Plotnik turned on the digital recorder yesterday and began reading stories. The phone rang. Feet stomped upstairs. The heat went on. Noises everywhere. Plus, the ending's bad. Gotta rewrite. Fudge.

Saturday, December 16, 2006

It Was a Very Good Year.

The Great Plotnik has hit upon a grand tradition for Christmas -- Kodak Gallery Picture books. He loads all his best pictures of the year into a book on line at the Kodak Gallery site, edits them, sorts them, labels them, picks out a cover and a page style, then edits that and sends in his order. The recipient of the Best Photos of the Year photo book always loves it.

It didn't seem to Plot that he and The Great Ducknik had done much in 2006, but when he looked at all the photos, he realized it really had been a great year.

It started with making ravioli on New Year's Eve...

Moved on to Guatemala...


Dan's graduation from Journalism School...

The trip to Block Island and Deer Isle, Maine...

And, of course, we've ended the year meeting Isabella Louise.

Oh, yeah.

Friday, December 15, 2006

Leo and Florence

Leo and Florence came to the NV Voice Christmas Party this year, as they do every year. They looked great -- Florence has been under the weather for awhile but she seems to always lick her problems for a party. She wrote a column in the Voice for many years about her experiences as a San Franciscan beginning in the 1920s, and her columns were so good that they're still repeated every month, and still hold up like they were written an hour ago. Leo is a photographer whose photos of authors like Wallace Stegner are seen everywhere. They're a wonderful couple -- they say they're getting older but nobody has seen too many signs of it yet.

It's a grand gift to have friends of all ages. Duck and Plot are lucky that way.

Thursday, December 14, 2006

Will Vault for Food

Last night TGP saw The Great Domin-nik's son Will (hereafter known as Will Vault for Food) acting and looking like a star at the Palace of Fine Arts.
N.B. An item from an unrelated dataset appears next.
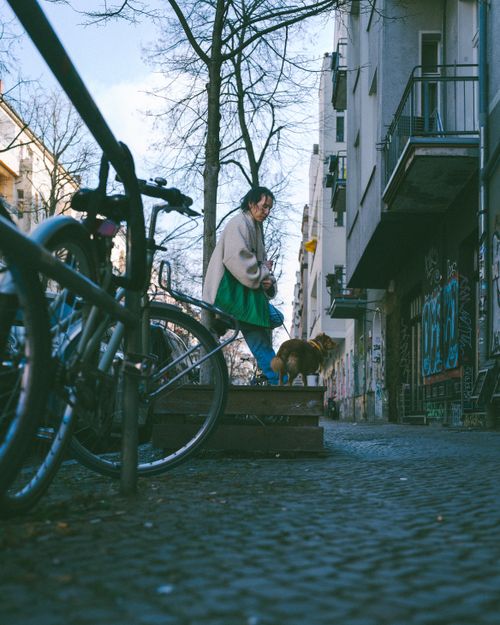 Free Man walking dog on a graffiti-lined street in Berlin, highlighting urban life. Stock Photo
He danced, he played piano, he twirled a skateboard like a cane a la Fred Astaire. But 'Traces' is no musical -- he and his four other troupe-mates were all the while jumping through Chinese hoops, hanging upside down on aerial straps, dancing ballets with basketballs, climbing all over each other on vertical poles and one even managed to do a pas de deux with a chair.

Criminy. TGP has known Will since he was in Middle School with The Great BeezieWeezie. WVfF has grown into a very large and accomplished person. He towers over the other regulation-sized acrobats in his troupe and there is an obvious athletic overlay to everything he touches.

Not that any of the others are chopped foie. When Heloise, the one woman in the show, takes an old armchair and attempts to read a book while 'sitting' in it, all the while managing to spin, twirl and turn the chair like a reluctant dance partner, it is easy to see this woman is a star in the making as well.

She and WVfF begin the show with a solo acro-mating dance that burns most of the varnish off the stage. It is clear that these two (who have been solo partners -- professionally only, we're told -- for several years) are a future duo who will go places if they choose to.

By the way, you don't want to miss Raphael Cruz falling to his death -- almost -- from the Chinese pole. You don't want to miss any of these kids.

'Traces' runs through New Year's Day. The tickets are a bit expensive, in Plotnik's view -- you want to take your kids and be near the front and that'll cost around $125 for a family of four -- but that is the only downside, and it's twice that to see Jersey Boys. These kids have energy and strength, plus they are artists. They've taken their show around the world and when they leave here there's no telling where they'll end up. I'd go now. That's right, I did.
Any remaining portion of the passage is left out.